* _Description of the task_
The response must restate the data exactly, with nothing left out.

Information provided Start Marker

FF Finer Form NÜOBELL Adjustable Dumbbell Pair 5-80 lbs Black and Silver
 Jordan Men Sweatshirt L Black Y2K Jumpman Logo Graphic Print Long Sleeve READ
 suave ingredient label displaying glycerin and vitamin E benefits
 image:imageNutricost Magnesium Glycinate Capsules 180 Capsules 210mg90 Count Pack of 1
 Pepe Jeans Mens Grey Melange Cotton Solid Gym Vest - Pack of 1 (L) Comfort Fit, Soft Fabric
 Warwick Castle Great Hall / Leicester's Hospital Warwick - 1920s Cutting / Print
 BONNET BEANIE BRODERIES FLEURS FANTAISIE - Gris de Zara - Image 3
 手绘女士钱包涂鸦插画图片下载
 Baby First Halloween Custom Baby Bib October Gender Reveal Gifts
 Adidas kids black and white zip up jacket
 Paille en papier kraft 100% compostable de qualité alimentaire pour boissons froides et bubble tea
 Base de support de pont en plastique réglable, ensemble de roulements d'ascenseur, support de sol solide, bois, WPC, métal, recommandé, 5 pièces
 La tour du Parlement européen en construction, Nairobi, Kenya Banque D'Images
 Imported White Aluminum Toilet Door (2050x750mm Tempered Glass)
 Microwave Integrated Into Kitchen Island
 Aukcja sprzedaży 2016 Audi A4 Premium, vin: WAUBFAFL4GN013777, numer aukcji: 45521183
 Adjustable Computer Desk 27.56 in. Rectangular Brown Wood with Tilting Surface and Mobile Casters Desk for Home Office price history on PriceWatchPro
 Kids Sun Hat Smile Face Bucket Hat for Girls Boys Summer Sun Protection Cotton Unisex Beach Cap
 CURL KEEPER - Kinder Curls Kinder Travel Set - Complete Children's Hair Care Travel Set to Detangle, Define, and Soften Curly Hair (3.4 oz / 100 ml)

Information provided End Marker

* _Worked solution_
FF Finer Form NÜOBELL Adjustable Dumbbell Pair 5-80 lbs Black and Silver
 Jordan Men Sweatshirt L Black Y2K Jumpman Logo Graphic Print Long Sleeve READ
 suave ingredient label displaying glycerin and vitamin E benefits
 image:imageNutricost Magnesium Glycinate Capsules 180 Capsules 210mg90 Count Pack of 1
 Pepe Jeans Mens Grey Melange Cotton Solid Gym Vest - Pack of 1 (L) Comfort Fit, Soft Fabric
 Warwick Castle Great Hall / Leicester's Hospital Warwick - 1920s Cutting / Print
 BONNET BEANIE BRODERIES FLEURS FANTAISIE - Gris de Zara - Image 3
 手绘女士钱包涂鸦插画图片下载
 Baby First Halloween Custom Baby Bib October Gender Reveal Gifts
 Adidas kids black and white zip up jacket
 Paille en papier kraft 100% compostable de qualité alimentaire pour boissons froides et bubble tea
 Base de support de pont en plastique réglable, ensemble de roulements d'ascenseur, support de sol solide, bois, WPC, métal, recommandé, 5 pièces
 La tour du Parlement européen en construction, Nairobi, Kenya Banque D'Images
 Imported White Aluminum Toilet Door (2050x750mm Tempered Glass)
 Microwave Integrated Into Kitchen Island
 Aukcja sprzedaży 2016 Audi A4 Premium, vin: WAUBFAFL4GN013777, numer aukcji: 45521183
 Adjustable Computer Desk 27.56 in. Rectangular Brown Wood with Tilting Surface and Mobile Casters Desk for Home Office price history on PriceWatchPro
 Kids Sun Hat Smile Face Bucket Hat for Girls Boys Summer Sun Protection Cotton Unisex Beach Cap
 CURL KEEPER - Kinder Curls Kinder Travel Set - Complete Children's Hair Care Travel Set to Detangle, Define, and Soften Curly Hair (3.4 oz / 100 ml)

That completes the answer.